If contact is unavoidable, assume you are already under observation. Assume they know your positions and strength. Assume reinforcement has been called before the first shot is fired. That assumption reveals the psychological warfare the SAS waged without intending to. Every trail became suspect.
Every jungle clearing could conceal watchers. Every supply movement risked walking into an ambush that had been prepared days in advance. The SAS didn’t need to patrol constantly or engage frequently. Their reputation did the work. Enemy units operated under perpetual uncertainty, never knowing if five silent professionals were observing them at that exact moment.
The women who fought for the Vietkong were not easily frightened. They’d survived B-52 strikes that turned jungle into moonscape. They’d endured artillery barges that shook the earth for hours. They’d fought American Marines and South Vietnamese Rangers in close combat. One survivor of the Perfume River squad described the 1968 Tet offensive in stark terms.
We just kept shooting. If we didn’t shoot, they would have shot us. These were not timid civilians. They were combat veterans who’d chosen to fight despite knowing the risks. But the Australian SAS represented a different kind of threat. American firepower was terrifying but impersonal. You could take shelter, disperse, survive.
The SAS was personal. They watched you specifically, studied your habits, learned your routines, then killed you at the moment of their choosing.
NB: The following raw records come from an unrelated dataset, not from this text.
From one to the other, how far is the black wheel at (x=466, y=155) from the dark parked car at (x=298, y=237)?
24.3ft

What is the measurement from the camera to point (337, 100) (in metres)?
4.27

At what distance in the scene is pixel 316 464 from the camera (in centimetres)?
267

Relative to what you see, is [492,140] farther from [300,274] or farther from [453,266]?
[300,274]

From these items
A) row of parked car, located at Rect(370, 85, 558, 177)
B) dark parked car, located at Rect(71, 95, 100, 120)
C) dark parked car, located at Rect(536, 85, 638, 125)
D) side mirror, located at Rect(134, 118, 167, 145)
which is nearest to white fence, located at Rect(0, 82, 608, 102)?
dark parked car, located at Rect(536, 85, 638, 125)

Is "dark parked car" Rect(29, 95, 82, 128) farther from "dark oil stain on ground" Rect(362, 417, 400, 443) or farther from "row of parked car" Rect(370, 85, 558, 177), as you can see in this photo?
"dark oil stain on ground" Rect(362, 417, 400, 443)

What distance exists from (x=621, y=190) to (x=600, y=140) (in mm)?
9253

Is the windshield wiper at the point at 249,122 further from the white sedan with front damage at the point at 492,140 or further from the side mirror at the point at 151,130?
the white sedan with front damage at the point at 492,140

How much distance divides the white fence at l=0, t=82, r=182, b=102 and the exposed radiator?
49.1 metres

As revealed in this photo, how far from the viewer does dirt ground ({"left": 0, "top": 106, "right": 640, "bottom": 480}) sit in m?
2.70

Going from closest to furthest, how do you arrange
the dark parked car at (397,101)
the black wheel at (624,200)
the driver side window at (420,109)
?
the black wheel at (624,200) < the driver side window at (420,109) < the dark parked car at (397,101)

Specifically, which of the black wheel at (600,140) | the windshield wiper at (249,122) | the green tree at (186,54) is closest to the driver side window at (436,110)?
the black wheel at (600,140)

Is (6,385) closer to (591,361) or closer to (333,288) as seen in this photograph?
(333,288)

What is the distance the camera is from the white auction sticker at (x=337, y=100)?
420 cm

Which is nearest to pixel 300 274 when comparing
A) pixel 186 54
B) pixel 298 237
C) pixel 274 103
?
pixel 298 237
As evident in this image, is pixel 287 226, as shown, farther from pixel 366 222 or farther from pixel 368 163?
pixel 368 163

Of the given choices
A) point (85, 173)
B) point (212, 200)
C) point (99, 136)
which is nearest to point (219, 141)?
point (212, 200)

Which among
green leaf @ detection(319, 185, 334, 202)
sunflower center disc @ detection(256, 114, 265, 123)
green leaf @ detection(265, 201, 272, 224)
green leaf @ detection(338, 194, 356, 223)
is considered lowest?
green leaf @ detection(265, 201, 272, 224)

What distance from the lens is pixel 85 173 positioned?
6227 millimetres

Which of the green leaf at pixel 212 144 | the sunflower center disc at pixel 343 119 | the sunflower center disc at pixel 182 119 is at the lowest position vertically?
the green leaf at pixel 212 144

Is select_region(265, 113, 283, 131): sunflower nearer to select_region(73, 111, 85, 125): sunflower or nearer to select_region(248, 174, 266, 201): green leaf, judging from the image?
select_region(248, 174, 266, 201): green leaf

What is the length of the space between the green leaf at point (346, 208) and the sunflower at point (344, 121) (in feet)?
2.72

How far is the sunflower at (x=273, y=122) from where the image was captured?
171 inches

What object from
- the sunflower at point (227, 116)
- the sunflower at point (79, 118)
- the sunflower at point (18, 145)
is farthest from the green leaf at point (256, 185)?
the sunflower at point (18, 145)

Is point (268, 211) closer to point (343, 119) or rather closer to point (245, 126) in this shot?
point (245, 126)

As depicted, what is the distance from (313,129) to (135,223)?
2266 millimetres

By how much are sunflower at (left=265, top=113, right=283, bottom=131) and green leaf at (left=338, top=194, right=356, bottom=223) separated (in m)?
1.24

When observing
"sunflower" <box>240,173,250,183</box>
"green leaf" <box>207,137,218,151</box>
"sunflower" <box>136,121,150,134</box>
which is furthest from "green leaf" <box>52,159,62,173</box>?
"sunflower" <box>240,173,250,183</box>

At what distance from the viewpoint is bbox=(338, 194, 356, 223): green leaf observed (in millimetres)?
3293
It was hunting, methodical, and patient, conducted by men who’d perfected the art over years of jungle warfare in Malaya and Borneo. The testimony of that female fighter decades after the war ended reveals something profound about the nature of fear in combat.
The most frightening enemy isn’t necessarily the one with the biggest weapons or the most soldiers. It’s the one who makes you feel observed, studied, and vulnerable, even when nothing is happening. The SAS created that fear simply by existing, and operating the way they’d been trained.
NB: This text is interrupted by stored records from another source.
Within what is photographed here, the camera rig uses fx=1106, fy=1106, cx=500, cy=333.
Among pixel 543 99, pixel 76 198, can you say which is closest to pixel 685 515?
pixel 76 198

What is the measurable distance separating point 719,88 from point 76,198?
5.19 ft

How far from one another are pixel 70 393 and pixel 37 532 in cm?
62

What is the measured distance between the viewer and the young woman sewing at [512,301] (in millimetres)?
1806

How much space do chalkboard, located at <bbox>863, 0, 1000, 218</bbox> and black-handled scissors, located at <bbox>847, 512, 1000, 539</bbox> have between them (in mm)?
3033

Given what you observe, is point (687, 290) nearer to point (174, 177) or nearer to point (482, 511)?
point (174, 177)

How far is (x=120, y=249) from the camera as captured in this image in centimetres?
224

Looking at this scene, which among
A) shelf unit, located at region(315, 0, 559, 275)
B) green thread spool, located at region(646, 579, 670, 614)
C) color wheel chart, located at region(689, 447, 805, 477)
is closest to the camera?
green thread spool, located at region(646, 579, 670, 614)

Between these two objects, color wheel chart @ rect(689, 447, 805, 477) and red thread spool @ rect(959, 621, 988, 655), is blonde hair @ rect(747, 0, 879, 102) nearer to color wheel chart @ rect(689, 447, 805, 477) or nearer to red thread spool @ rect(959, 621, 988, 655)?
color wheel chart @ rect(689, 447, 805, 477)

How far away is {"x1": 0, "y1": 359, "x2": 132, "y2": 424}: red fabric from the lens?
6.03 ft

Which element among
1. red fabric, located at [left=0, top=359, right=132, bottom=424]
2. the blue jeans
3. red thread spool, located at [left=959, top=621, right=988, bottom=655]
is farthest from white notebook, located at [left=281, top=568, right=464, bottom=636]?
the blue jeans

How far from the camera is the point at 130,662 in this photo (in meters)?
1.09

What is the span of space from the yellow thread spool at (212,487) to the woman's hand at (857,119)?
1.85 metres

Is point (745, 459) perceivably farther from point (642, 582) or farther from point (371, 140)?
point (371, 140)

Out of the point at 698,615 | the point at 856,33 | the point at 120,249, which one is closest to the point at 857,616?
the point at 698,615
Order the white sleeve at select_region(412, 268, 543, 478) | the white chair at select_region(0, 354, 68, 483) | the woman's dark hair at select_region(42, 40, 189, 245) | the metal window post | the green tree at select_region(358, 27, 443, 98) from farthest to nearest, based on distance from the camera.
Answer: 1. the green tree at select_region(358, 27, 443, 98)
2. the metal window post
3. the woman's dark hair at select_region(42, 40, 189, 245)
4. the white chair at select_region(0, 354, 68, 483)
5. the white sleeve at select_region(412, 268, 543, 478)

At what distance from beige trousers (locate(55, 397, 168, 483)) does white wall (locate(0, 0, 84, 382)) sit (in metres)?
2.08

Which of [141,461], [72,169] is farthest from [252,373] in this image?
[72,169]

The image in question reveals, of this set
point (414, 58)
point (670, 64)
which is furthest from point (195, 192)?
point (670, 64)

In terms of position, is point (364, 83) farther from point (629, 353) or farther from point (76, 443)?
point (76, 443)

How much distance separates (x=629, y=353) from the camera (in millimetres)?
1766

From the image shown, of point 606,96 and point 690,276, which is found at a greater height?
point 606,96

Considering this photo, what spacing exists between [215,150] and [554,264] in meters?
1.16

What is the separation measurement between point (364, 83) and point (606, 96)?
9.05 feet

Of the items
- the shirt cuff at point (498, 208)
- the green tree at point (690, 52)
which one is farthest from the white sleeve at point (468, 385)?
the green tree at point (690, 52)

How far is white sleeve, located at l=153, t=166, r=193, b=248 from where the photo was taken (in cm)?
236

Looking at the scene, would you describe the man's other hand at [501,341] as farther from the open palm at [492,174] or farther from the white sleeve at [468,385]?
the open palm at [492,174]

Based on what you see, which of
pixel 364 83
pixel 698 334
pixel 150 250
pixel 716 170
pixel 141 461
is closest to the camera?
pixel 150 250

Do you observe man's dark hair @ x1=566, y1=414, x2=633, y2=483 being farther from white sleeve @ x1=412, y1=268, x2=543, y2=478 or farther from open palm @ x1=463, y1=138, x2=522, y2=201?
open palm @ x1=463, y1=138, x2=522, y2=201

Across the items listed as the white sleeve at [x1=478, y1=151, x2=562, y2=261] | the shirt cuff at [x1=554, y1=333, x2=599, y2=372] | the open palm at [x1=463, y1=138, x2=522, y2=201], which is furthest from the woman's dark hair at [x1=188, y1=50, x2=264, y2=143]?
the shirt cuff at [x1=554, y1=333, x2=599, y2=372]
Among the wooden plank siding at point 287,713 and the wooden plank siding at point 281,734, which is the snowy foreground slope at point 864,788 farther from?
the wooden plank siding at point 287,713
When she said they made comrades disappear, she wasn’t exaggerating. Between 1966 and 1971, hundreds of Vietkong fighters died, never knowing who killed them or how they’d been found. They walked trails they’d used safely for months. They occupied positions they believed were secure. They moved supplies through jungle they considered their own territory.
And they died because five men had been watching silently for days, waiting for exactly that moment. That’s why she feared them more than bombers or battalions. Because the SAS didn’t just kill, they made the jungle itself feel hostile and alive with unseen threat. And that fear spoken honestly decades later is the most effective testimony to their tactical mastery.